***** Source material *****

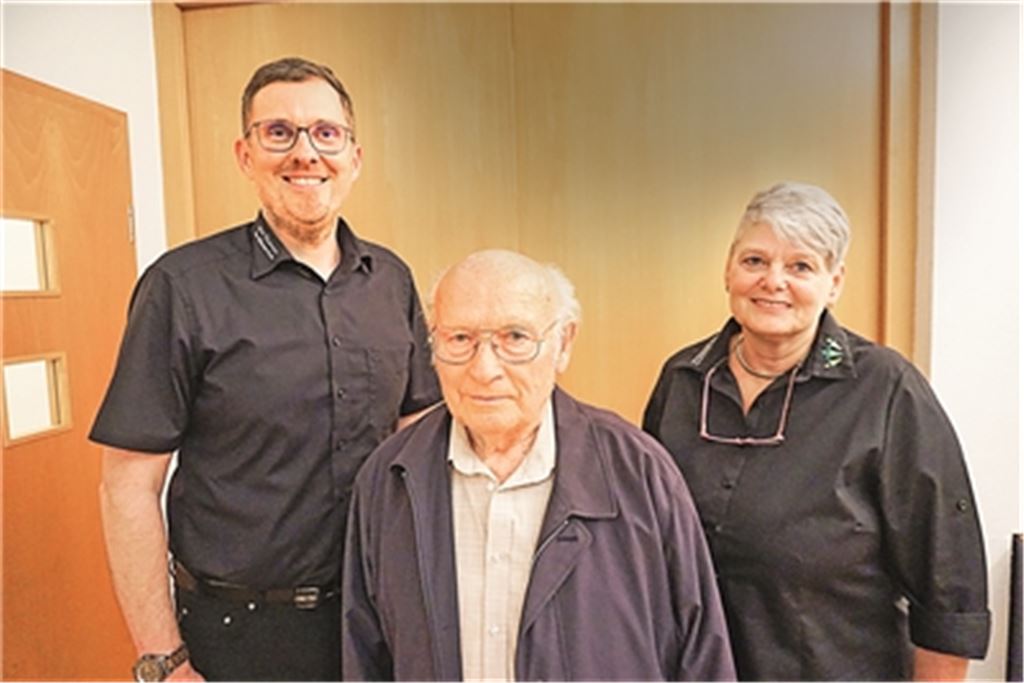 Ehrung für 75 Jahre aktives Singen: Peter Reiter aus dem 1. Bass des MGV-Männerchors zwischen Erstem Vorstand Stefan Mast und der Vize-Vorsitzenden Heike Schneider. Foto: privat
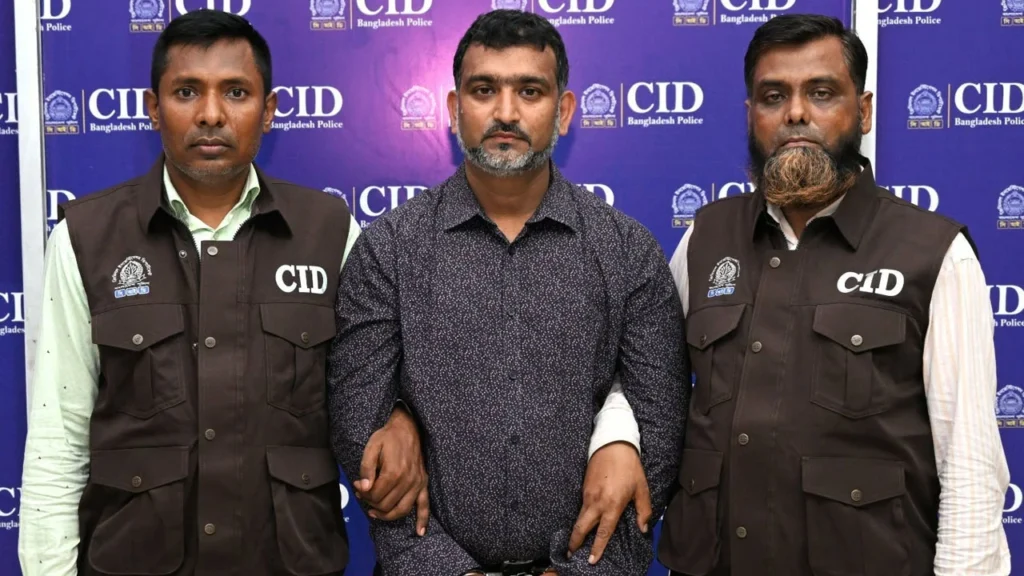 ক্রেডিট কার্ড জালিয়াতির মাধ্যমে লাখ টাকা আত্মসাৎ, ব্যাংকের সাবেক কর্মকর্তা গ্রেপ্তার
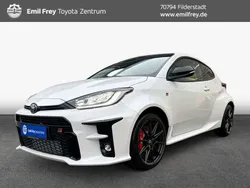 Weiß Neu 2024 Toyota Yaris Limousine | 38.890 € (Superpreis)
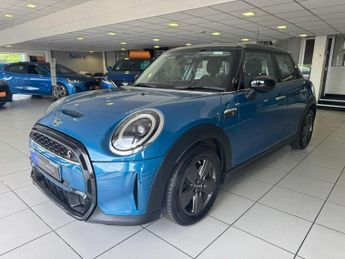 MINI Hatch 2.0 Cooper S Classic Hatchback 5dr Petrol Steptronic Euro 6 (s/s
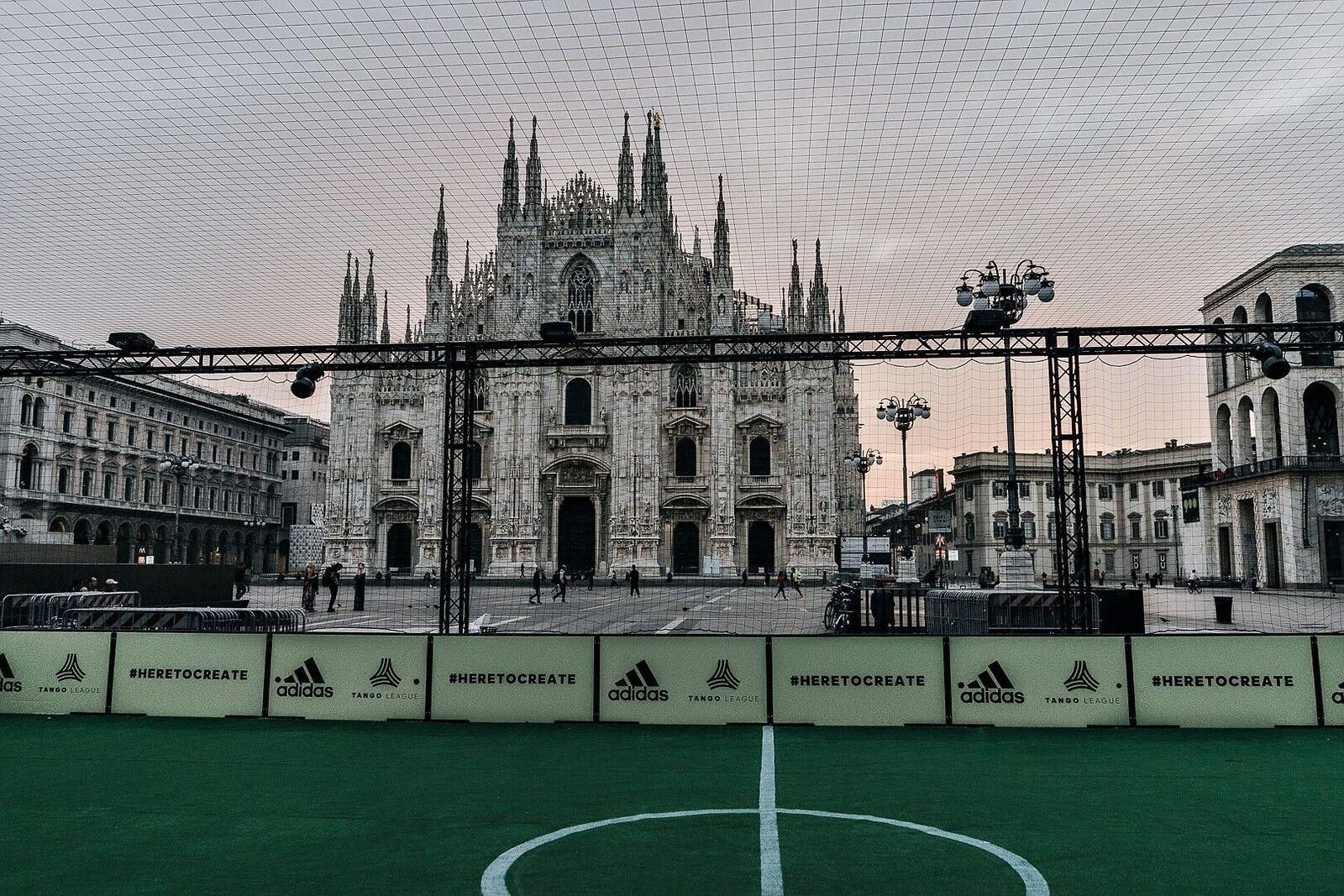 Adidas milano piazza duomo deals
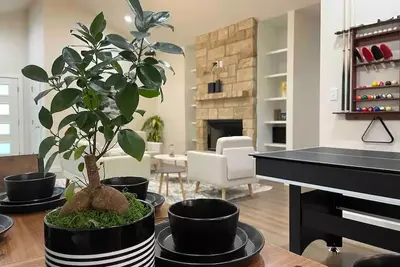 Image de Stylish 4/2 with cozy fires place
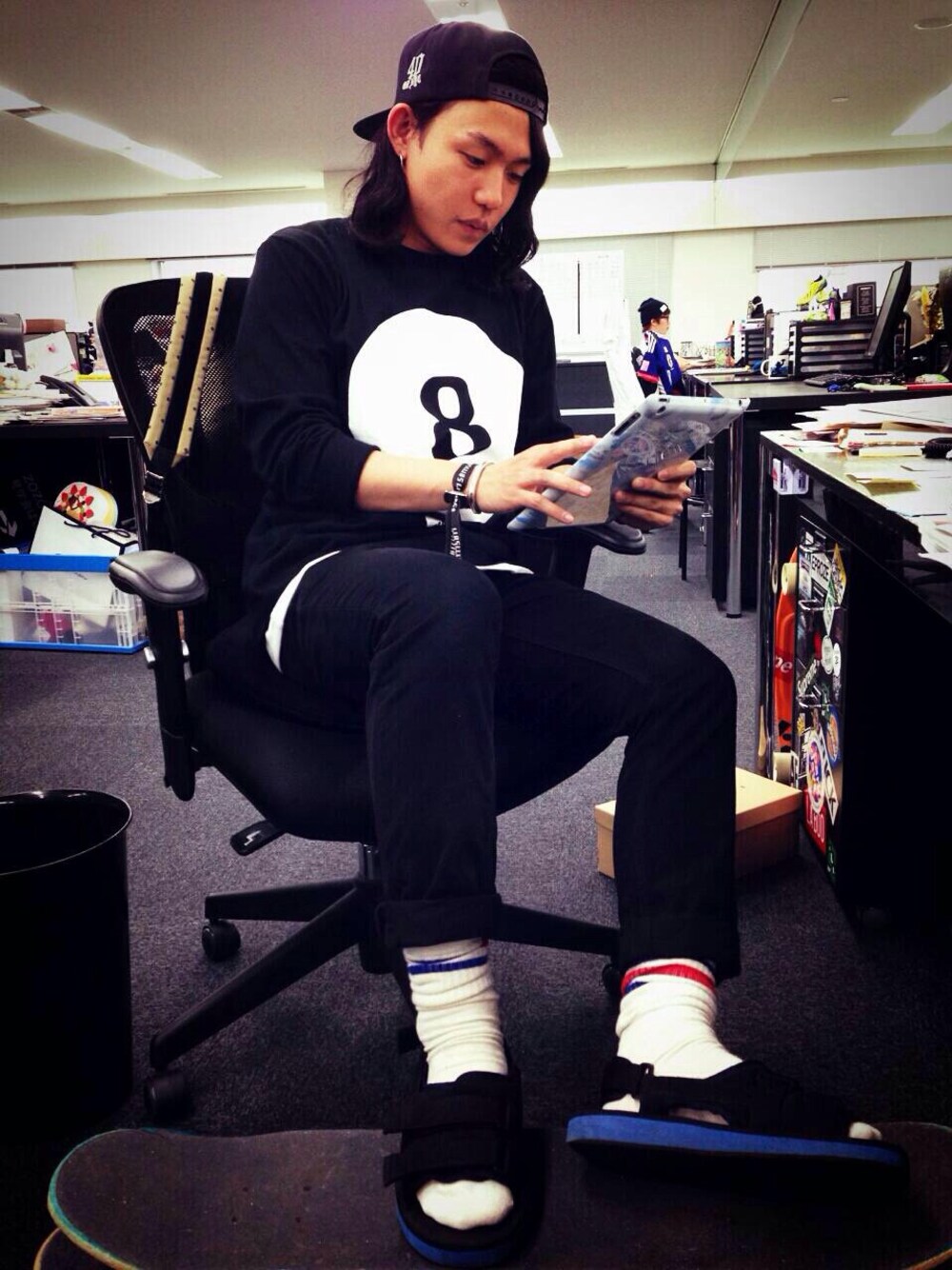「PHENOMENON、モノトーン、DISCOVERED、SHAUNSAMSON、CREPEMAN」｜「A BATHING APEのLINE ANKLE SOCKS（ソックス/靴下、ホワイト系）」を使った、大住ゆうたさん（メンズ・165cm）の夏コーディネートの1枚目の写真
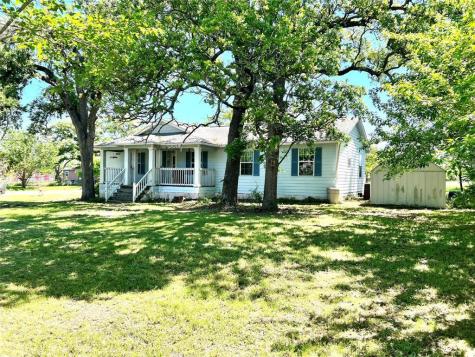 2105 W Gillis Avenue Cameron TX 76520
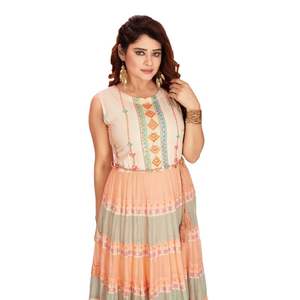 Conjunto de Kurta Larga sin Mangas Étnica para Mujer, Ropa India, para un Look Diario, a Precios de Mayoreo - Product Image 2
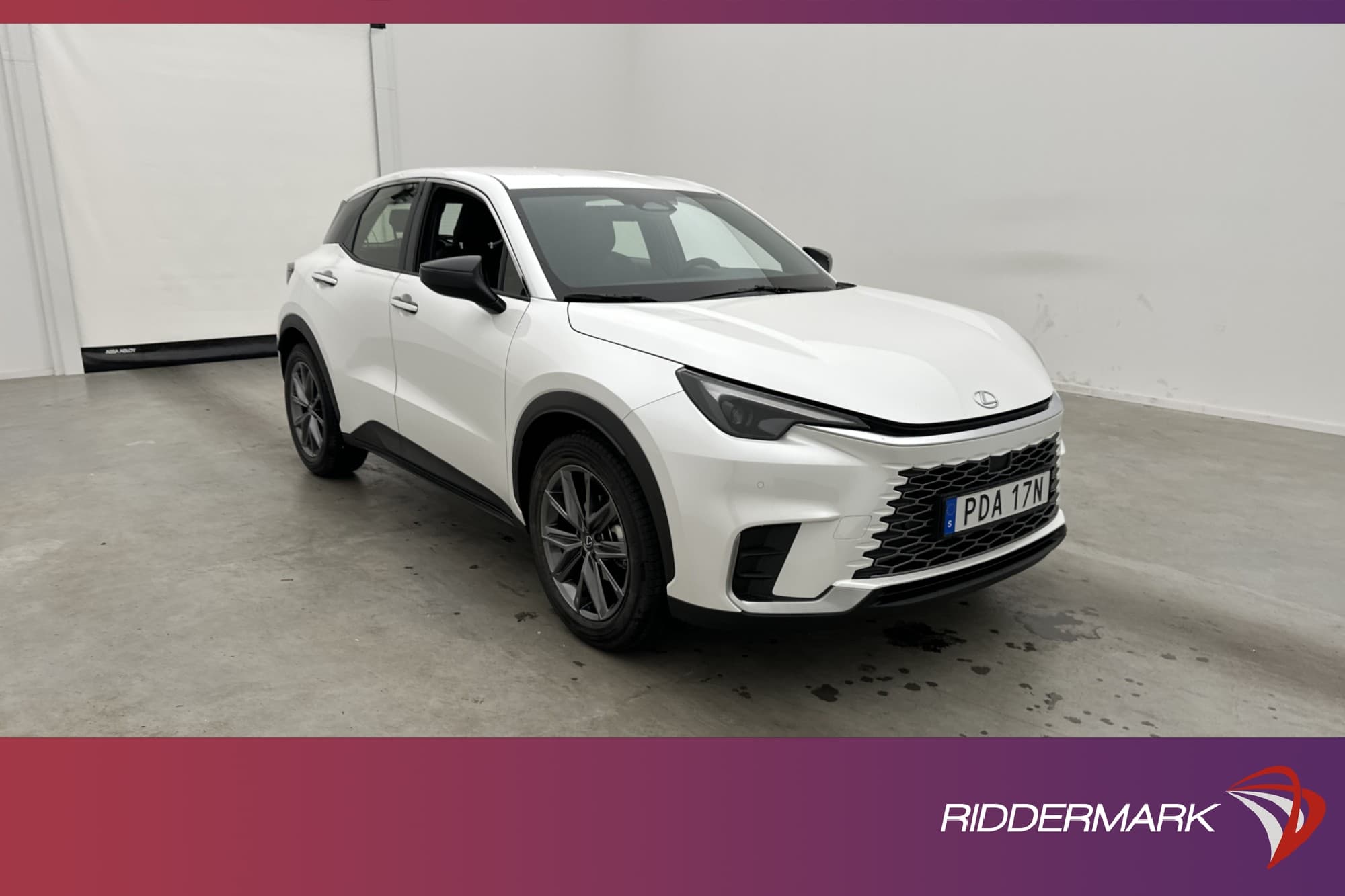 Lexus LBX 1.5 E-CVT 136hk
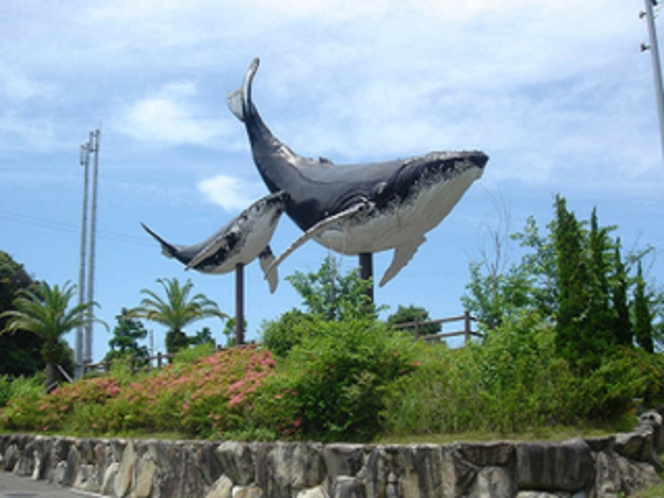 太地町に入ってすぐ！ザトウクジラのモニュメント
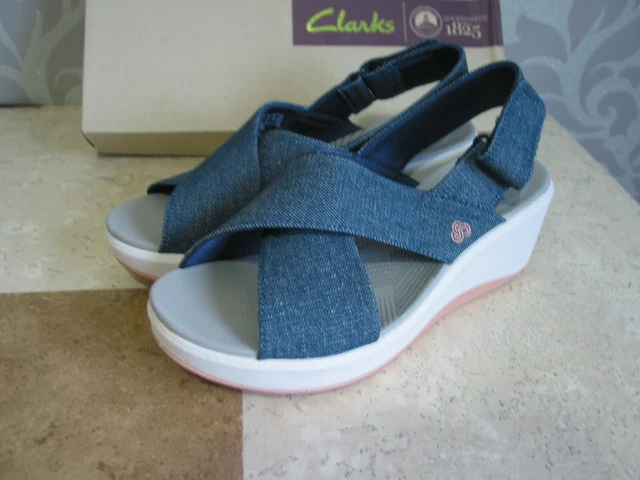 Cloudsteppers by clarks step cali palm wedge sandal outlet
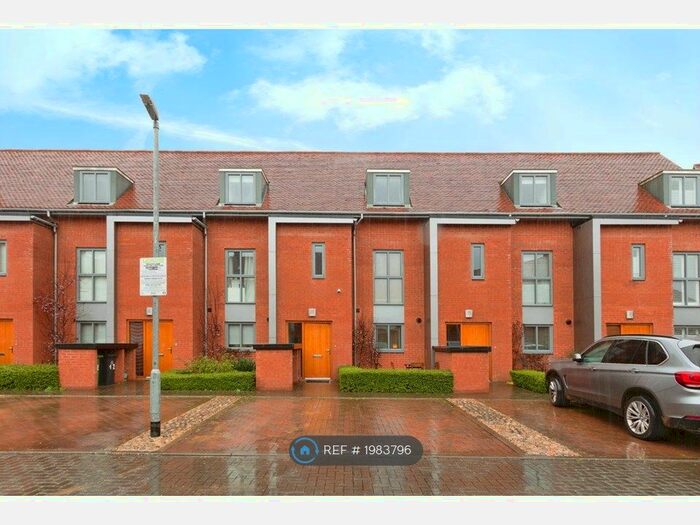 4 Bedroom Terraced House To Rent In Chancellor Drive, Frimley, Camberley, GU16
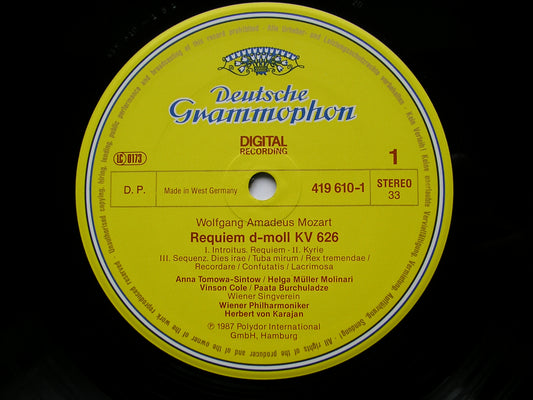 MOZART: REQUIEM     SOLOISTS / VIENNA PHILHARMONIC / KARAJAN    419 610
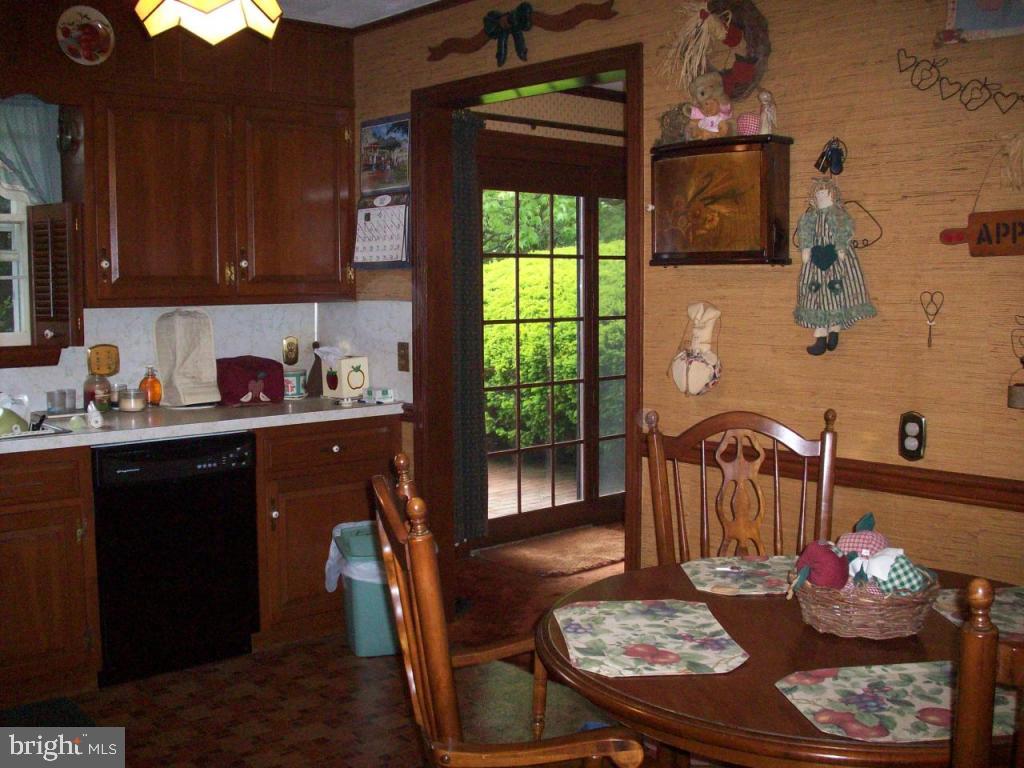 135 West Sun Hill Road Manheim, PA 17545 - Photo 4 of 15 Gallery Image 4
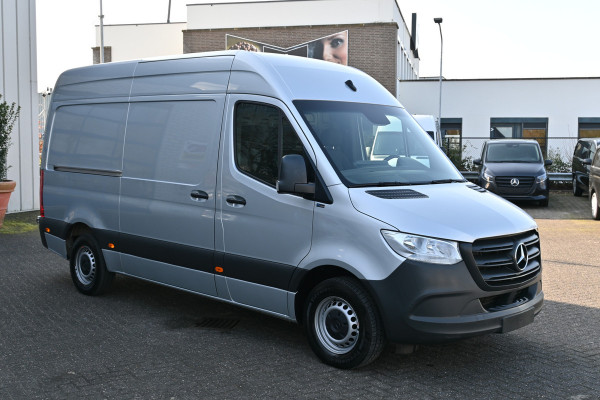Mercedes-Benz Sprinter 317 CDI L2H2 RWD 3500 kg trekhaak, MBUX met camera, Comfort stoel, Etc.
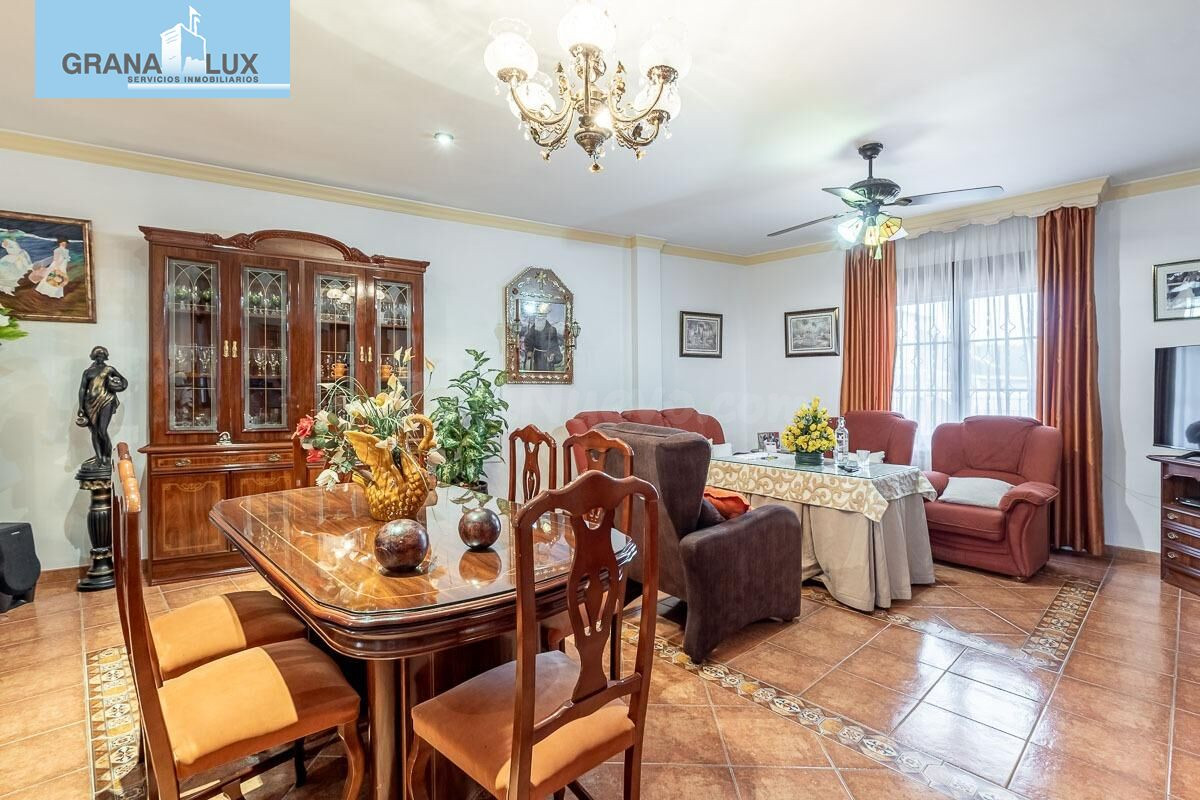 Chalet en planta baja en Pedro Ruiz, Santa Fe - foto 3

*****

Work required: Reproduce each entry precisely. Leave the pictures out.

Response area:
 Ehrung für 75 Jahre aktives Singen: Peter Reiter aus dem 1. Bass des MGV-Männerchors zwischen Erstem Vorstand Stefan Mast und der Vize-Vorsitzenden Heike Schneider. Foto: privat
 ক্রেডিট কার্ড জালিয়াতির মাধ্যমে লাখ টাকা আত্মসাৎ, ব্যাংকের সাবেক কর্মকর্তা গ্রেপ্তার
 Weiß Neu 2024 Toyota Yaris Limousine | 38.890 € (Superpreis)
 MINI Hatch 2.0 Cooper S Classic Hatchback 5dr Petrol Steptronic Euro 6 (s/s
 Adidas milano piazza duomo deals
 Image de Stylish 4/2 with cozy fires place
「PHENOMENON、モノトーン、DISCOVERED、SHAUNSAMSON、CREPEMAN」｜「A BATHING APEのLINE ANKLE SOCKS（ソックス/靴下、ホワイト系）」を使った、大住ゆうたさん（メンズ・165cm）の夏コーディネートの1枚目の写真
 2105 W Gillis Avenue Cameron TX 76520
 Conjunto de Kurta Larga sin Mangas Étnica para Mujer, Ropa India, para un Look Diario, a Precios de Mayoreo - Product Image 2
 Lexus LBX 1.5 E-CVT 136hk
 太地町に入ってすぐ！ザトウクジラのモニュメント
 Cloudsteppers by clarks step cali palm wedge sandal outlet
 4 Bedroom Terraced House To Rent In Chancellor Drive, Frimley, Camberley, GU16
 MOZART: REQUIEM     SOLOISTS / VIENNA PHILHARMONIC / KARAJAN    419 610
 135 West Sun Hill Road Manheim, PA 17545 - Photo 4 of 15 Gallery Image 4
Mercedes-Benz Sprinter 317 CDI L2H2 RWD 3500 kg trekhaak, MBUX met camera, Comfort stoel, Etc.
 Chalet en planta baja en Pedro Ruiz, Santa Fe - foto 3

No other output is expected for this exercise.